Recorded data
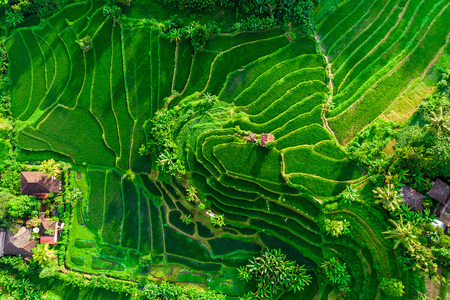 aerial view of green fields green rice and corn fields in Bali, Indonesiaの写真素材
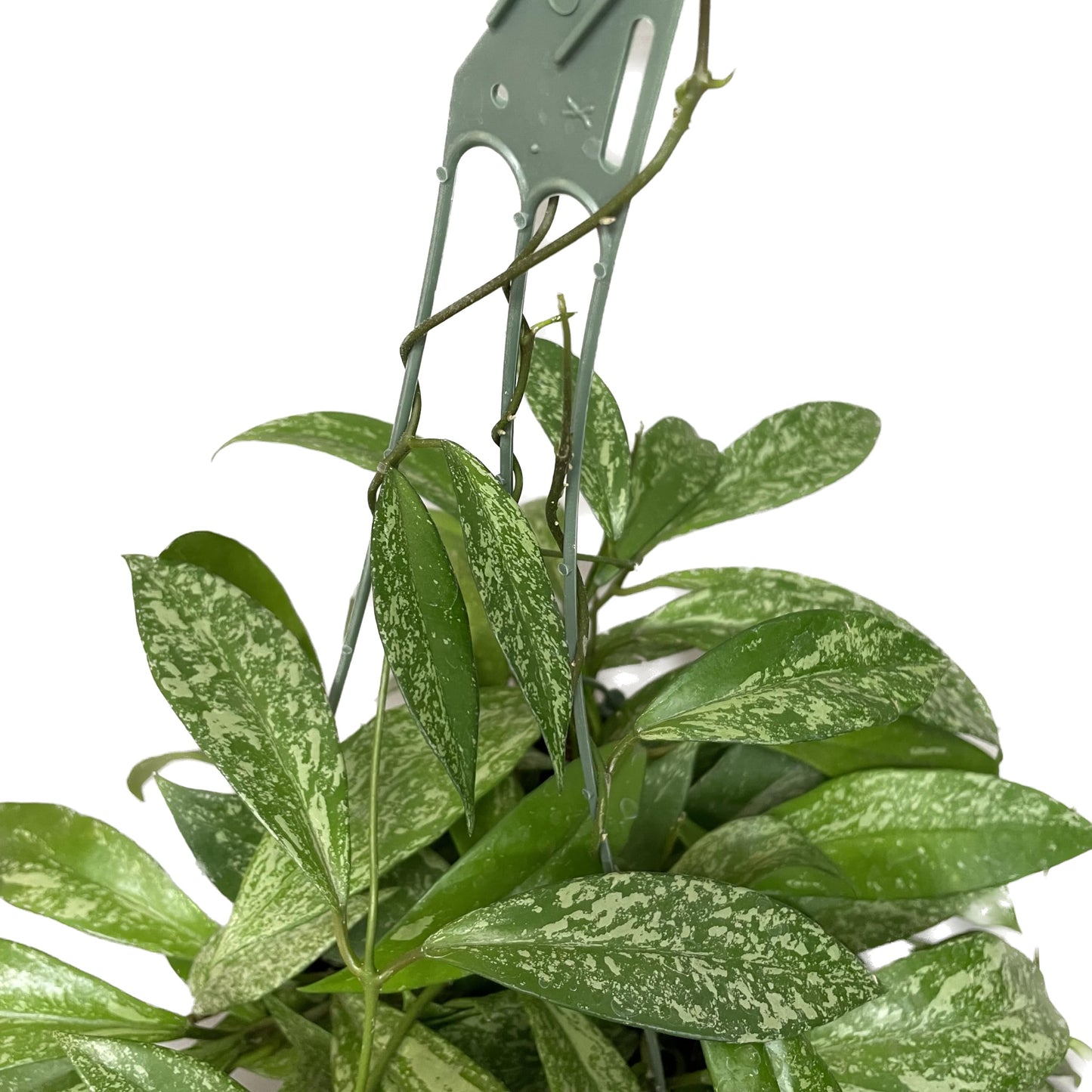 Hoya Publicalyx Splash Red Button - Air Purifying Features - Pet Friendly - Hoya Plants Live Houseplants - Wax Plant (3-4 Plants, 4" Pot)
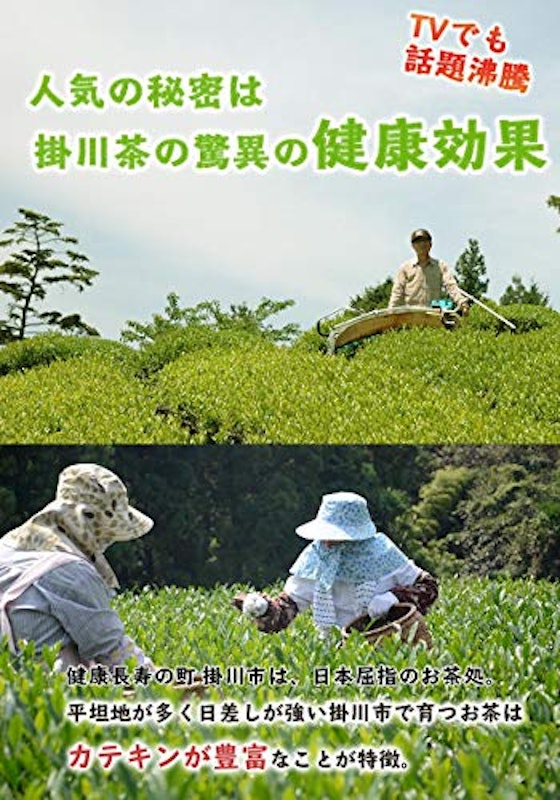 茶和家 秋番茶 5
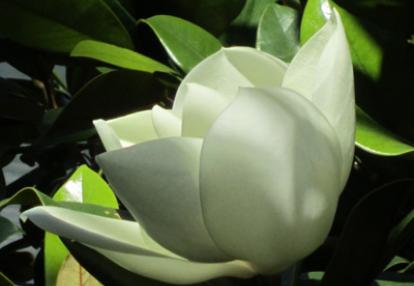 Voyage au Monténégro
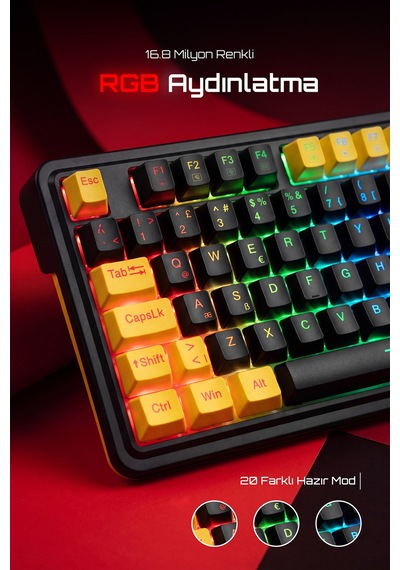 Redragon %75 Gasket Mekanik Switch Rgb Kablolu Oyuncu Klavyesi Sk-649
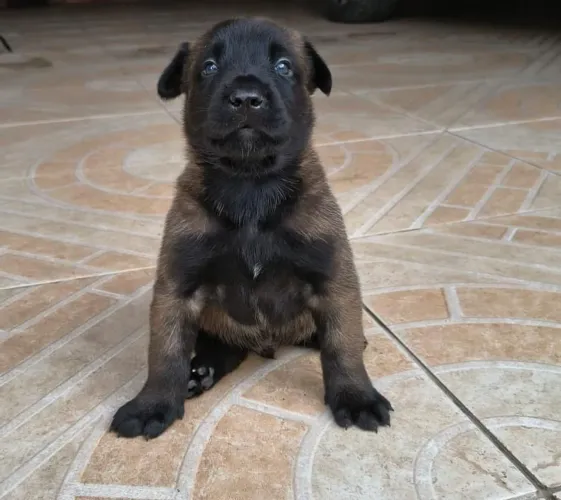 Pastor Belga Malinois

[Task objective]: For the records above, give every line again exactly and skip the pictures.

[Written response]:
 aerial view of green fields green rice and corn fields in Bali, Indonesiaの写真素材
 Hoya Publicalyx Splash Red Button - Air Purifying Features - Pet Friendly - Hoya Plants Live Houseplants - Wax Plant (3-4 Plants, 4" Pot)
 茶和家 秋番茶 5
 Voyage au Monténégro
 Redragon %75 Gasket Mekanik Switch Rgb Kablolu Oyuncu Klavyesi Sk-649
 Pastor Belga Malinois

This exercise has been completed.